И Глотов начал прилежно «отдыхать»…

Вот после этого отдыха полковник медслужбы Никодимов и обнаружил у него нервное истощение. С тех пор Глотов решительно и бесповоротно перешел на щадящий режим жизни.

Служил он в армии с девятнадцати лет, некоторые годы его службы засчитывались каждый за два. И поэтому положенная выслуга, двадцать пять лет, у него набралась к сорока годам. В день своего сорокалетия в связи с болезнью он торжественно ушел на пенсию. И с того самого дня вся его жизнь была подчинена одной идее — сохранению истощенной нервной системы. Методов же сохранения ее оказалось неожиданно много.

Прежде всего дома своей жене Лиденысе Глотов объявил, что повышать голос в его присутствии не рекомендуется. Также недопустимо поднятие им тяжестей и занятие мелкой кропотливой работой, требующей напряженного внимания. Ему категорически запрещалось попадать в конфликтные и стрессовые ситуации.
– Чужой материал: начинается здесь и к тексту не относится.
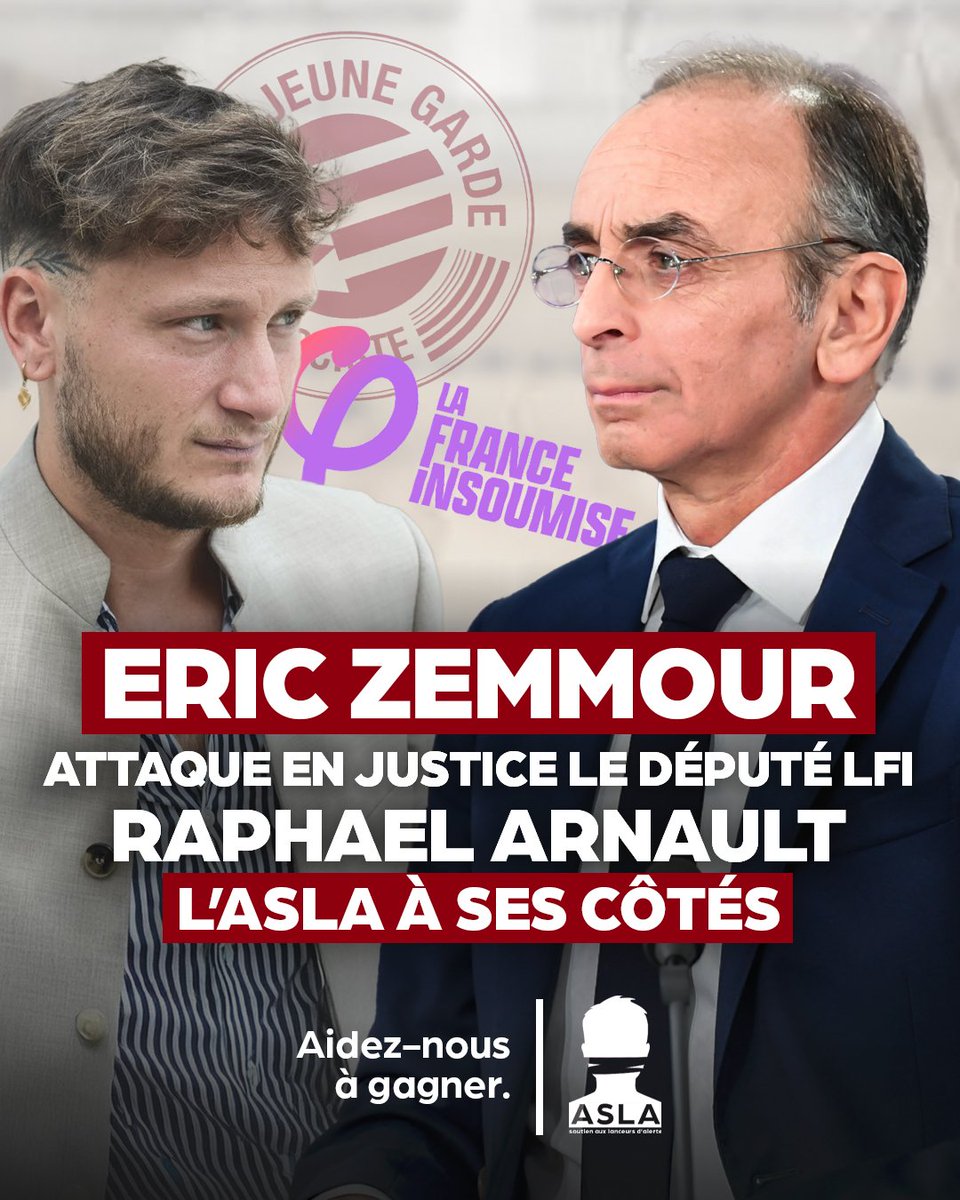 🚨 Après les MENACES DE RAPHAËL ARNAULT « on va tous vous dézinguer », l’ASLA prend en charge la plainte d'Eric Zemmour devant le tribunal correctionnel pour PROVOCATION AU CRIME ET MENACES DE MORT.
Решительно отвергалась врачами деятельность, связанная с материальной или любой другой ответственностью. Рекомендовалось следить за работой органов пищеварения, а также за мышечно-двигательным аппаратом. Следовало уделять особое внимание дыханию и не допускать переутомления органов зрения.

Одним словом, жизнь теперь для Глотова, а также для его родных и близких, стала тяжелой, ответственной работой.

Первые года три Глотов отдыхал. С утра, если погода благоприятствовала, он обычно брал транзисторный приемник, пачку газет и тихой походкой шел на берег Москвы-реки в Серебряный Бор, расположенный поблизости от его дома. Там он задумчиво бродил по березовым аллеям или сидел на лавочке.

Приемник висел у него через плечо, как офицерский планшет. Чаще всего приемник не работал. Глотов включал его раза два-три, чтобы прослушать новости по «Маяку». Он и брал-то его только для того, чтоб «не отключаться от текущей жизни».